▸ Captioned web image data
* * * * * * *

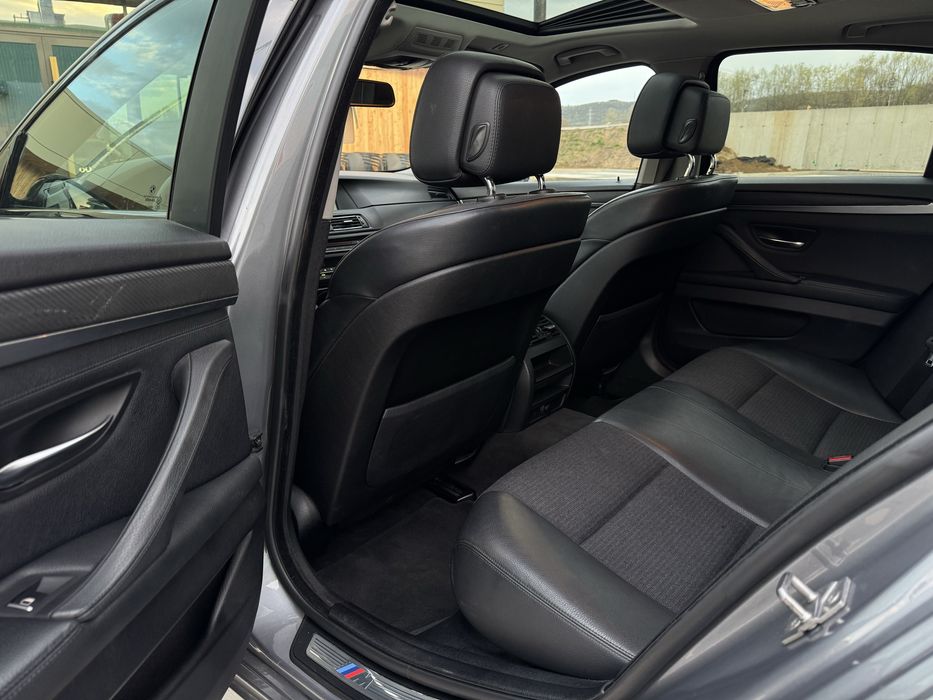 BMW 520d 2011 M pachet Trapa Navi mare Automat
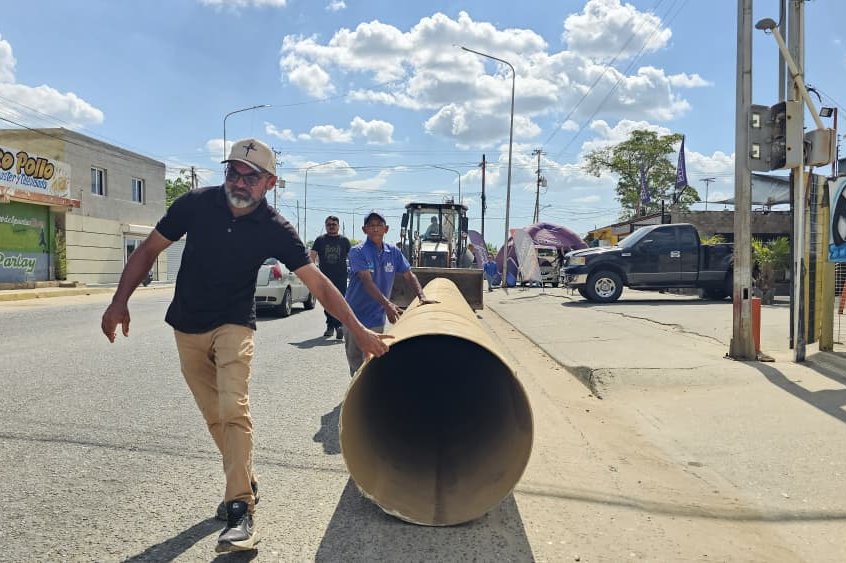 Hidroven sustituye 300 metros de colector en Zulia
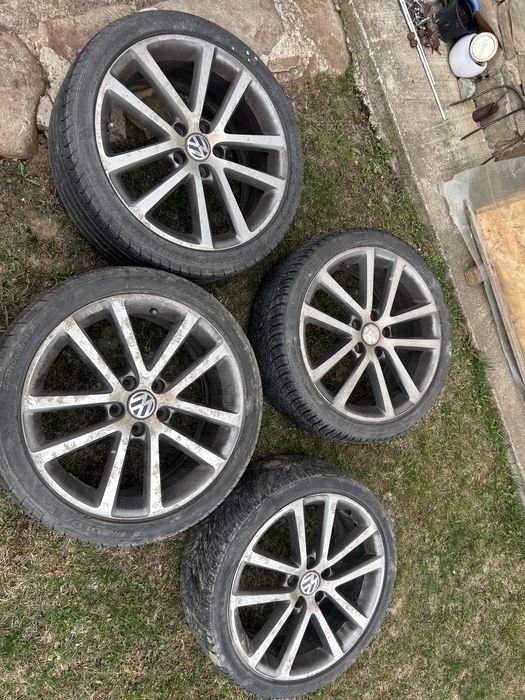 Vând set Jante 225/40/R18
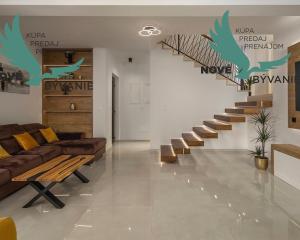 Exkluzívne na predaj vila s bazénom v Chorvátsku na lukratívnom mieste v Zatone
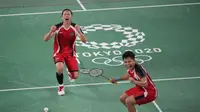 Reaksi ganda putri Indonesia Greysia Polii / Apriyani Rahayu setelah mengalahkan Lee So-hee dan Shin Seungchan dari Korea Selatan pada pertandingan semifinal badminton Olimpiade Tokyo 2020 di di Musashino Forest Sport Plaza, Tokyo, Sabtu, 31 Juli 2021. (A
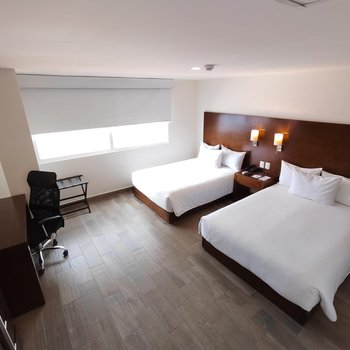 Ramada by Wyndham Tampico Centro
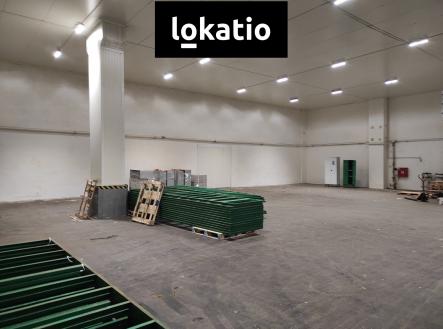 Pronájem - komerční objekt, sklad, 1 030 m²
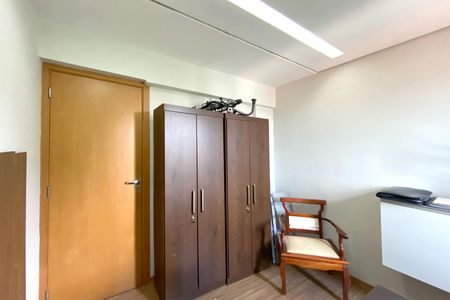 Apartamento à venda com 84m², 3 quartos e 2 vagas Apartamento à venda com 84m², 3 quartos e 2 vagasQuarto 2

* * * * * * *

Your answer should be the lines from the first record down to the line containing "Ramada by Wyndham Tampico Centro", restated exactly, with no pictures.

 BMW 520d 2011 M pachet Trapa Navi mare Automat
 Hidroven sustituye 300 metros de colector en Zulia
 Vând set Jante 225/40/R18
 Exkluzívne na predaj vila s bazénom v Chorvátsku na lukratívnom mieste v Zatone
 Reaksi ganda putri Indonesia Greysia Polii / Apriyani Rahayu setelah mengalahkan Lee So-hee dan Shin Seungchan dari Korea Selatan pada pertandingan semifinal badminton Olimpiade Tokyo 2020 di di Musashino Forest Sport Plaza, Tokyo, Sabtu, 31 Juli 2021. (A
 Ramada by Wyndham Tampico Centro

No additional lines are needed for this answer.